Twenty years after the Oslo peace process, and now with the collapse of the recent negotiations mediated by John Kerry, Jewish American leftists groups are still trying to figure out what "peace" means. But the problem is that they can't agree on what the current reality is in the first place.
The late Middle Eastern historian Barry Rubin noted that,
"Philosophical idealism means deriving conclusions about the world from the mind rather than material evidence. If one simply asserts that certain ideas are "fair" and "just" these must take precedence. Therefore, the fact that the left's program had failed so miserably and that liberal programs weren't working becomes irrelevant. What's important is that they should work and eventually – with enough time, money and effort – they will do so because they right. That's why the phrase is political correctness and not factual correctness."
Rubin's observation describes the unshakable devotion of the Jewish American left to the idea of Oslo and a negotiated peace. Peace is just and inevitable. But they ignore its failure and instead cling to the notion that settlements are the root cause of the Arab-Israeli conflict. The result is more wishful thinking, that even now Hamas may change its colors under the Palestinian unity government. Of course, more money is needed to invest in this righteous process. And pressuring Israel is a necessity; Boycott, Divestment and Sanctions (BDS) is legitimate but only against settlements and their products.

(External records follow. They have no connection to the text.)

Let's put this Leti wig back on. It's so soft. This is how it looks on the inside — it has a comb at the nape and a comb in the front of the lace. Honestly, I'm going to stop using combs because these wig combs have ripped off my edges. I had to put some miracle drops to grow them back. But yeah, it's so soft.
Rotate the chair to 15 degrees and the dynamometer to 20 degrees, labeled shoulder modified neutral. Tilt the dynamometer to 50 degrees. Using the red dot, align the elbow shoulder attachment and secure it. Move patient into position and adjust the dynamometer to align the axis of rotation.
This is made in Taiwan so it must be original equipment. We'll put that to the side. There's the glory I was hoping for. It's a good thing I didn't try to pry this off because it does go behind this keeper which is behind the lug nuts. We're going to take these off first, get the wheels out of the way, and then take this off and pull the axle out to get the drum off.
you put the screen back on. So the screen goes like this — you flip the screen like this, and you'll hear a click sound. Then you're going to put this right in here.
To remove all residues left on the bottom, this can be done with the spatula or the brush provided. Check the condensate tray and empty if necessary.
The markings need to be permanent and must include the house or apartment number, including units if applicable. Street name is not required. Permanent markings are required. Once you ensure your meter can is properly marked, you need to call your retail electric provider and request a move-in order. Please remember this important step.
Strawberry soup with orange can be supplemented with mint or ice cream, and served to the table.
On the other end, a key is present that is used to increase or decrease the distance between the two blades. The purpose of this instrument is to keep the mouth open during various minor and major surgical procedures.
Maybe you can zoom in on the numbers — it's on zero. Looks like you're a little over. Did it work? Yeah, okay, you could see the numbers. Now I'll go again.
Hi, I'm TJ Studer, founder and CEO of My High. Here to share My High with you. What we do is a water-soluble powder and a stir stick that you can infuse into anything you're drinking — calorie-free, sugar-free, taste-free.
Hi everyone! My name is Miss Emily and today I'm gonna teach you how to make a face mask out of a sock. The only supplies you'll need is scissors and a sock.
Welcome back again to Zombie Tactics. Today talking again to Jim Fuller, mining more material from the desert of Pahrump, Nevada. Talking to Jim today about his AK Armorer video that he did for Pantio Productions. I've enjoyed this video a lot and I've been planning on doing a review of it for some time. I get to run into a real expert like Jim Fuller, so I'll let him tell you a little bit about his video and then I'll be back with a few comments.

The cognitive dissonance displayed by the American Jewish left highlights their own unease regarding values that clearly do not mesh with the realities of the Middle East. The belief that the "occupation" is the defining prism through which everything about the Palestinians is explained and all their actions justified has become near absolute. Occupation justifies "resistance," that is to say, terrorism.
In contrast, such lovers of Zion have a difficult time grappling with the "harsh" Israeli reality under the leadership of "hawkish" governments. We witnessed this when J Street finally condemned the recent kidnappings of the three teenagers in the West Bank by stating, "J Street condemns in the strongest terms the kidnapping of three teenagers last week in the occupied West Bank." The "occupation" is why the teens were kidnapped, and other kidnappings that have taken place throughout Israel are ignored.
The "truth" in this narrative also stands in contrast to the mainstream Israeli Left, which does support concessions for real peace yet is not ignorant regarding realities which demand strong, decisive action against constant threats.
Yossi Klein Halevi astutely observes that Israelis are "centrist [as] regards a Palestinian state as an existential necessity for Israel – saving us from the impossible choice between Israel as a Jewish and a democratic state, or the moral burden of occupying another people, from growing pariah status. But a centrist also regards a Palestinian state as an existential threat to Israel – risking rocket attacks from the Samarian highlands on the coastal plain, where most Israelis live, transforming greater Tel Aviv into Sderot, the besieged Israeli town bordering Gaza that has been on the receiving end of thousands of rockets over the last decade. A centrist has two nightmares about Israel's future. The first is that there won't be a Palestinian state. The second is that there will be."
The centrality of the settlements is really an empty issue, which deflects notice from the core issues that truly obstruct a negotiated settlement. There is little debate over the fact that – should a peace agreement be completed – there will be a redistribution of land. Most of the bargaining is about whether these exchanges will take the shape of a total phased Israeli withdrawal, or an exchange of land annexing the more populous Israeli towns to Israel for other land in the Jordan Valley or Negev desert. But this must be left to the parties to decide and not imposed by outside powers.
Overall, the on-going cognitive dissonance regarding peace in the Middle East is what drives American Jewish leftist groups such as JStreet and American for Peace Now to convince themselves and their supporters that a framework can indeed be parachuted into the Middle East employing BDS, however limited, as the vehicle to bring about a two state solution. It is an oxymoron to advocate that you want peace between Israelis and Palestinians and that boycotts will engender that peace. Ultimately, by doing so these groups themselves open the question regarding the continued existence of the Jewish state.
Evidence and research on the Middle East are no match for idealism and universalism. Consequently, the pervasive view within leftist circles when it comes to the Israelis and Palestinians is that it is their moral duty to quote Saul Alinsky to "organize the organized." A real peace is indeed the goal but a strong dose of reality is needed to help us get there.